Today’s post is from Robert Espinoza, Senior Director for Public Policy and Communications at SAGE. It was originally featured on The Huffington Post.
I spent the summer of 2012 homebound, recovering alone in my 400-square-foot studio apartment in Brooklyn. A serious accident on Memorial Day led to ankle surgery, 12 weeks on crutches and the final stretch of August re-learning to walk. When you live alone and are relatively immobile, the days are epic, and the psyche churns with questions: Would I fully regain my ability to walk? Had I amassed the proper support network of friends at this stage in my adult life? And if I remained in New York City, a city fraught with opportunities yet rife with inequality, how should I plan for my aging as a queer person?

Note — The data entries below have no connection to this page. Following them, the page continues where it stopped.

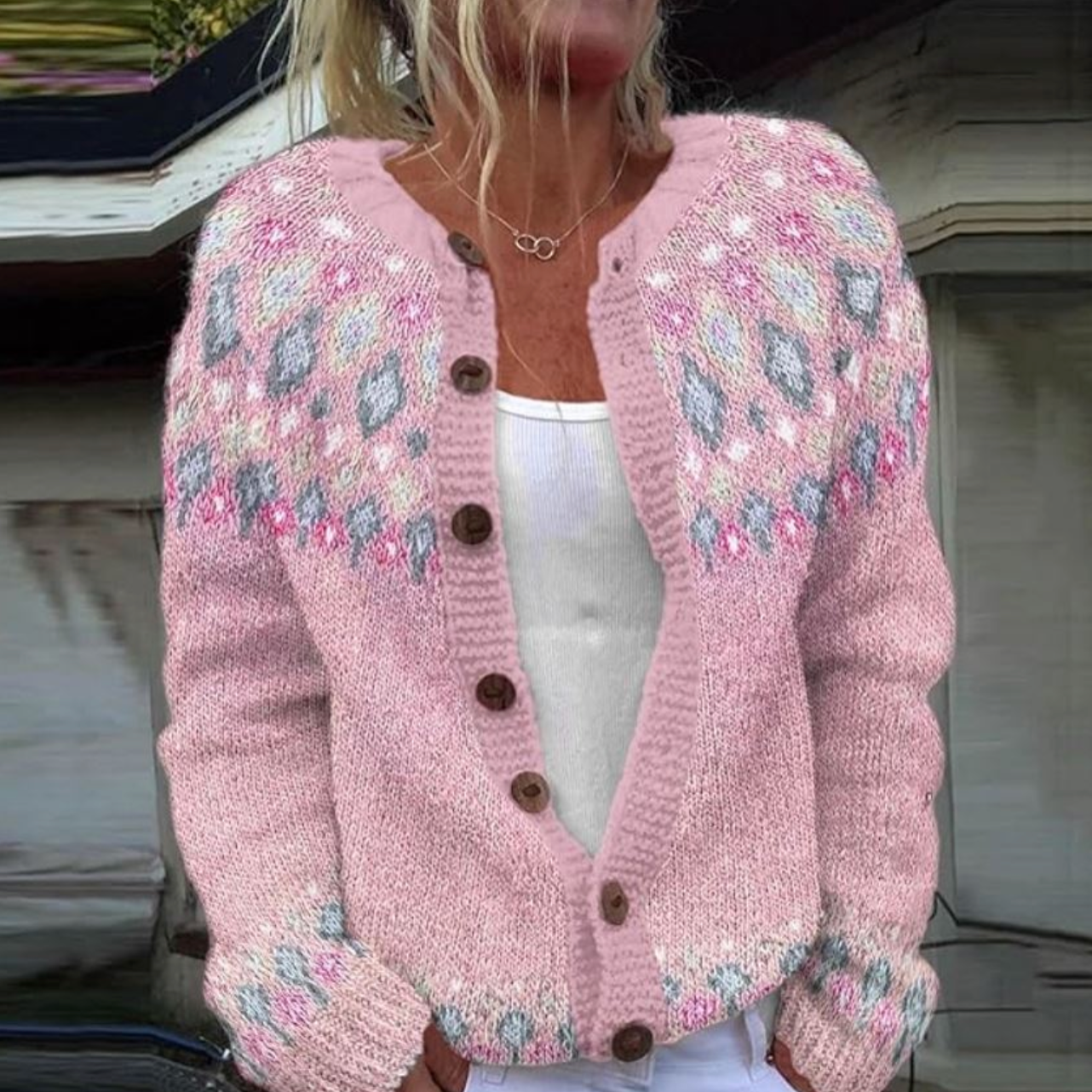 ZANDRA | Pulover elegant cu imprimeu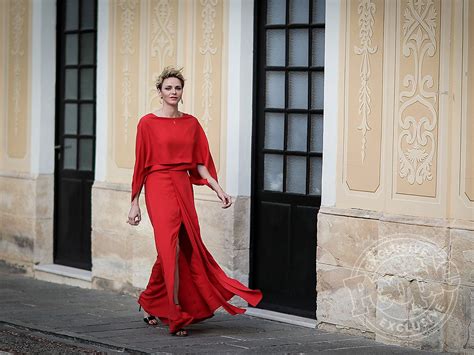 Princess Charlene Stuns In Red Before The 74th Monaco Grand Prix Princess Charlene Royal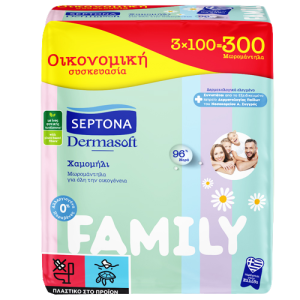Septona dermasoft μωρομάντηλα family 24x100τεμ Septona - 1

It was fitting, then, that I began working that summer on policy guidance to compel the New York State Department of Health to include LGBT-specific questions in its statewide patient assessment system for specific Medicaid-funded providers—a policy win announced this week. As I interviewed researchers and health leaders from around the country to grasp the implications, and as I schooled myself on the state of LGBT data collection, I found myself growing lonelier by the week. I couldn’t help picturing my later years at the mercy of providers and researchers who are indifferent, or even hostile, to my queer life.
I work daily on the politics that underlie these issues, and I’ve arrived at this proposition: as we age, each of us will reach a moment where we’ll need to ask for support in dealing with the frailty incurred through aging. But if we’re lesbian, gay, bisexual or transgender (LGBT), the type of institutional support we receive at that point will rely largely on the questions that have already been asked about us. If we’re denied these data to craft relevant health interventions, we will perish off-screen in droves, measured only by the shallowest of statistics.